I believe that the Australian government is genetically engineering highly venomous creatures like the tai-pan, box jellyfish, and the Sydney funnelweb spider. Their sinister plan is to bolster the Australian economy by persuading other countries to open factories, make “loans” that will never be paid back, etc., by threatening to unleash massive numbers of these deadly creatures in major urban centers.
Similar to this, and to what Dob said is that the moment you have a look at your finances and decide that they’re relatively stable and healthy, and that you can blow what little savings you have (say, by buying a new computer) - something expensive will immediately break (for instance, your car’s catalytic converter).
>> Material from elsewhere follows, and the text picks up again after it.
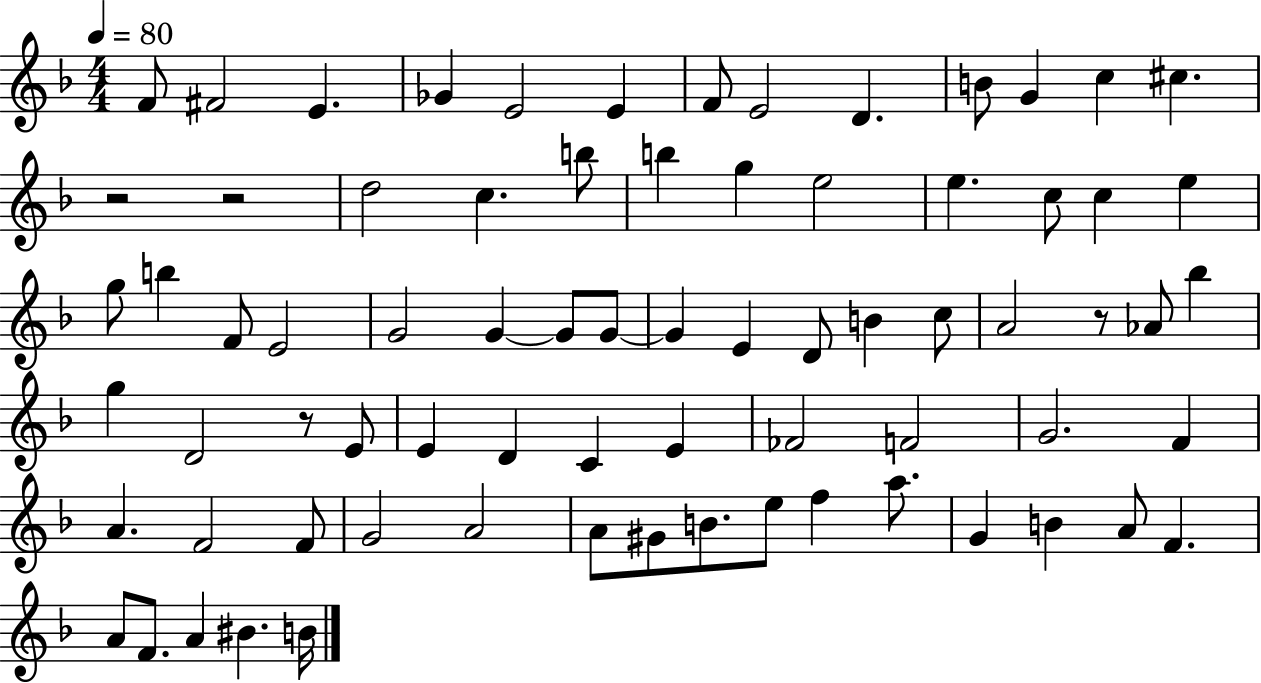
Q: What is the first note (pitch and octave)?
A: F4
I have secretly entertained the thought that, somehow, the Nielsen people know what everybody is watching regardless if you are a Nielsen family or not. When you change the channel and leave it on, some sort of signal goes back and that the “Nielsen families” are a coverup, if you will.
I once went to Yellowstone and saw a huge crowd near the Old Faithful geyser. Not only was the crowd large but it seemed to contain people from every country in the world–people who in other circumstances would have been waging war and throwing hand grenades. They all just stood there, waiting for the geyser to blow.
Conclusion: If you want world peace, we’ll need more geysers.
No, man, they are watching us through all the damn Atomic Time Keeping Clocks that were the rage a couple years back. I’m sure of it. Where is my tinfoil hat?
Have you ever noticed that the US POst Office delivers only junk mail on Saturdays?
That’s so when the time is right, they can simply suspend Saturday deliveries.
I don’t wear no tin foil hat, so I got their plans from my electrical outlets - even the slogan they’ll use to justify the measure: “Why trudge to your mailbox on Saturday, just for handful of shit?”
Oooh, TV Theories! There are TV People out there who hate me, and are listening to everything I say. I am convinced that if I publicly proclaim a liking for a certain TV show, it will promptly be cancelled. If I mention that a certain show is stupid and that I never watch it, it will run for years and years. I cannot be dissuaded from this belief.
I was a farm kid who stayed outdoors whenever possible, but I had skin allergies and hayfever from a very early age. However, I believe the theory is true for the most part, and I was just a weird kid.
I also believe that the root cause of diabetes is inactivity.
I agree with those who said air conditioning is a cause of obesity. But also computers and the Internet.
The idea of eating 3 meals a day, is just ridiculous and unnecessary.
The Universe
Our Earth is one electron
of
Our Solar System being one atom
of
Our Galaxy being one molecule
of
Our Universe being one brain cell
of
A Divine Being / Creator / What have you
…And that we’re all a bunch of inconsequential sub-atomic particles who think they have they have the mysteries of time and space figured out.
Popular Music
Any song (even the most avant garde, noise-like stuff) can become a chart-topping hit with the right amount of airplay & promotion behind it.
Anatomy
Cancer is a genetic disease.
No one can ever visit a chiropractor once. Chiropractors inadvertently (or for real tinfoil-hattery: purposely) do something to a person’s joints that will require follow-up visits throughout their lives.
Voter Fraud
Is wide-scale throughout the country & carried out by both political parties.